The rise and fall of Mahendra Karma – the Bastar Tiger

May 26, 2013 11:41 pm | Updated November 16, 2021 10:37 pm IST - RAIPUR:

Mahendra Karma

Mahendra Karma

Launching the Congress party’s ‘Parivartan Yatra’ (March for Change) on Thursday in Bastar, a senior Central Minister, Jairam Ramesh, compared Mahendra Karma, the tribal leader, with a “slow tiger.” “Mahendra Karma was called the ‘Bastar Tiger.’ But the tiger has slowed down over the years,” said the Minister in the presence of Mr. Karma and about two thousand Gond tribals. Sitting on the dais, Mr. Karma’s reactions changed from surprise to utter disgust as the Minister, known for his proximity to the Gandhi family, kept repeating this formulation.

Mr. Karma was already getting sidelined in the Congress but perhaps was also planning a comeback.
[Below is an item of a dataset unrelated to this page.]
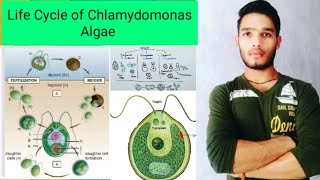 Life cycle of Chlamydomonas algae [upl. by Isma]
After an attack in 2012, the fourth time in the last few years, he told this correspondent that he would fight back. “I will make a come back like a film star,” he laughed. After Saturday’s bloodbath, the ‘Bastar Tiger’ will go into the history books as one who fought his own clan to rise and perhaps to fall as well. But on the way, he also challenged the upper caste, English speaking segment of the Congress by getting elected as the Leader of the Opposition in 2003. Prior to that, the 62-year-old leader was a Minister in the Ajit Jogi cabinet and a MP in the 11th Lok Sabha. He lost the 2008 Assembly election.

Mahendra Karma came from an affluent family of Bastar. His father was the ‘Bada Manjhi,’ or the one who is the head of the heads of several villages. Being a landowner, Mr. Karma’s natural choice would have been Congress, but he chose the Communist Party of India which had an important presence in the region. “He was a committed student leader and later went to the Assembly. His performance inside the House was outstanding. He was twice our MLA,” said veteran CPI leader Chhitaranjan Bakshi.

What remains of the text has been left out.